[INPUT FOR THIS TASK]
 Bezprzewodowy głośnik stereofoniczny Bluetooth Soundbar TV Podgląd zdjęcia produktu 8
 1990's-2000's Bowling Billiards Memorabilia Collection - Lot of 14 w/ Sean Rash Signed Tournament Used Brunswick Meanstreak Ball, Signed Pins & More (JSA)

* * *

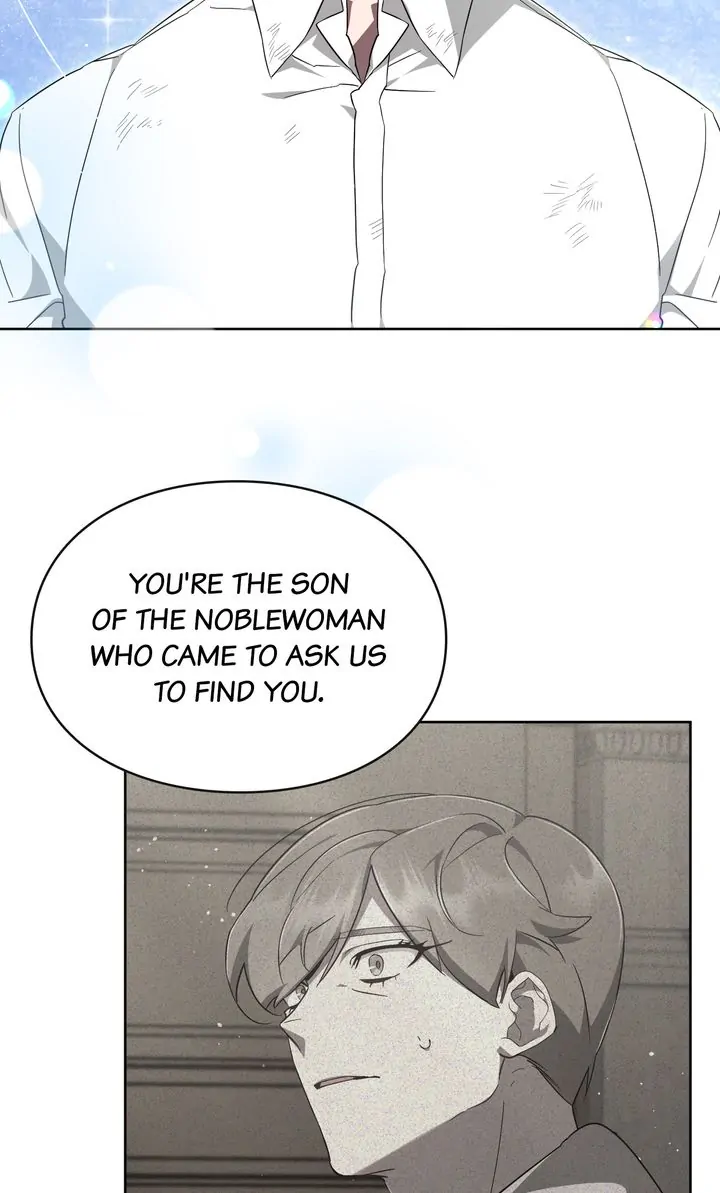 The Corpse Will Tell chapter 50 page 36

[EXERCISE AIM]
What is needed is an exact copy of the lines above, from the one containing "Bezprzewodowy głośnik stereofoniczny" through the one containing "1990's-2000's Bowling Billiards", with nothing added.

[EXPECTED OUTPUT]
 Bezprzewodowy głośnik stereofoniczny Bluetooth Soundbar TV Podgląd zdjęcia produktu 8
 1990's-2000's Bowling Billiards Memorabilia Collection - Lot of 14 w/ Sean Rash Signed Tournament Used Brunswick Meanstreak Ball, Signed Pins & More (JSA)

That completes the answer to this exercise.